Under Operation Impact, the program between New York City Public Schools and Police Department, saturated high schools located in high-crime areas with additional police officers with the mission to engage in aggressive, order-maintenance policing. Legewie and Fagan (2009) found that exposure to police surges significantly reduced test scores in English-language arts and math for African American boys, consistent with their greater exposure to policing. The size of the effect increases with age and with consecutive years of exposure to Operation Impact. Another analysis of the same program found that despite increased police presence, students enrolled at New York City’s impact schools continue to experience higher than average problems linked directly to future criminality, including more student suspensions and lower attendance rates than other New York City schools (Brady, Balmer, & Phenix, 2007).

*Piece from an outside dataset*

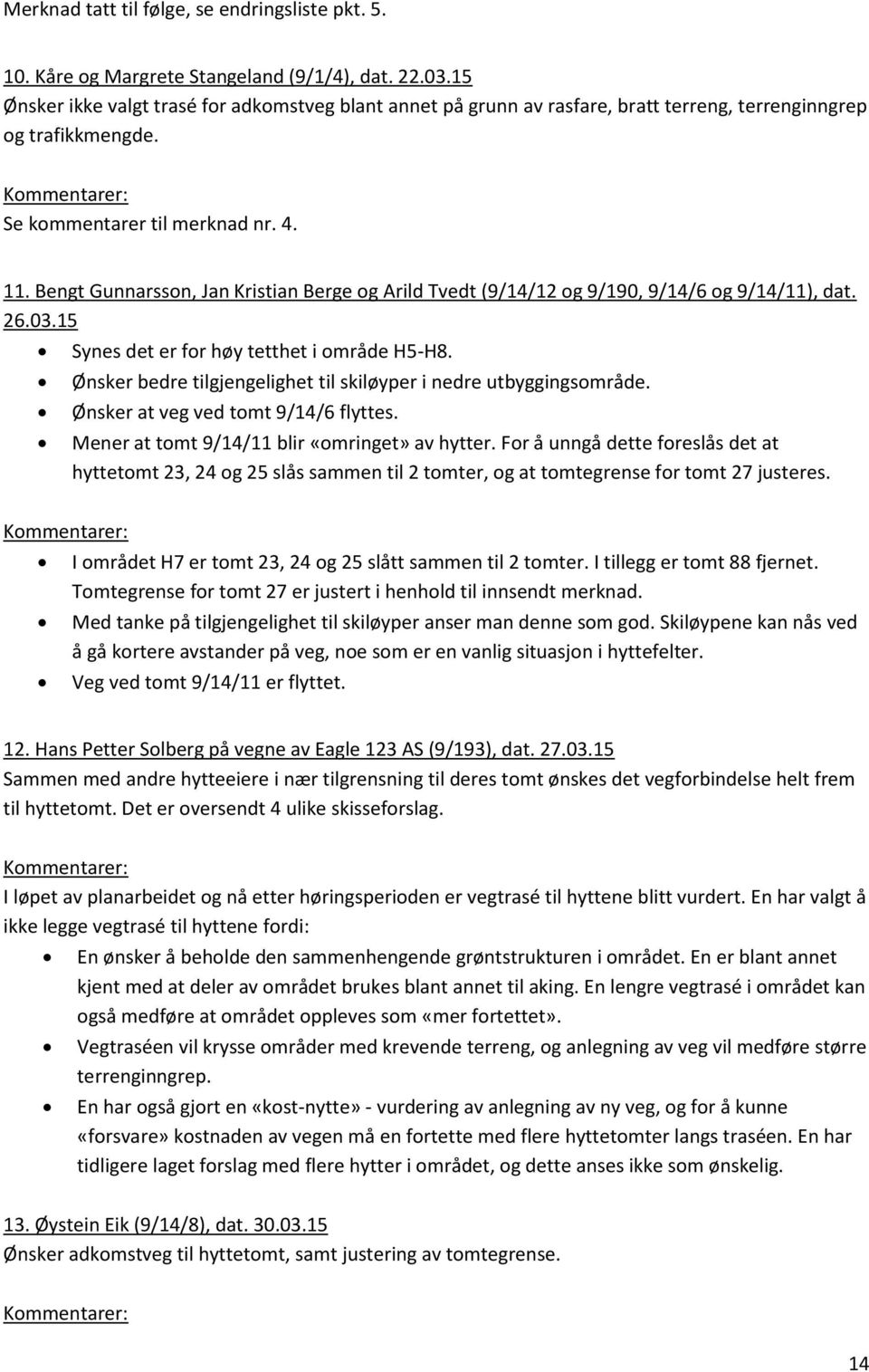 Bengt Gunnarsson, Jan Kristian Berge og Arild Tvedt (9/14/12 og 9/190, 9/14/6 og 9/14/11), dat. 26.03.15 Synes det er for høy tetthet i område H5-H8.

Weisburst (2019) finds that exposure to a three-year federal grant for school police is associated with a 2.5 percent decrease in high school graduation rates and a 4 percent decrease in college enrollment rates. Exploiting detailed data on over 2.5 million students in Texas, Weisburst concludes that federal grants for police in schools increase middle school discipline rates by 6 percent. The rise in discipline is driven by sanctions for low-level offenses or school code of conduct violations. Further, Black students experience the largest increases in discipline.

Similarly, Sorenson, Shen, and Bushway, (2020) find that when an SRO arrives at a school, the incidence of serious violent offenses decreases, but students are also more likely to receive out-of-school suspensions, expulsions, or referrals to law enforcement. SROs do not increase the overall number of juvenile justice complaints against students in a school but do increase the number of juvenile misdemeanor complaints (Sorenson, Shen, & Bushway, 2020). A close analysis of Denver Public Schools between 2007 and 2012 corroborates this conclusion. The majority of referrals in Denver were for minor behaviors like use of obscenities, disruptive appearance, and destruction of non-school property (Advancement Project & Alliance for Educational Justice, 2018)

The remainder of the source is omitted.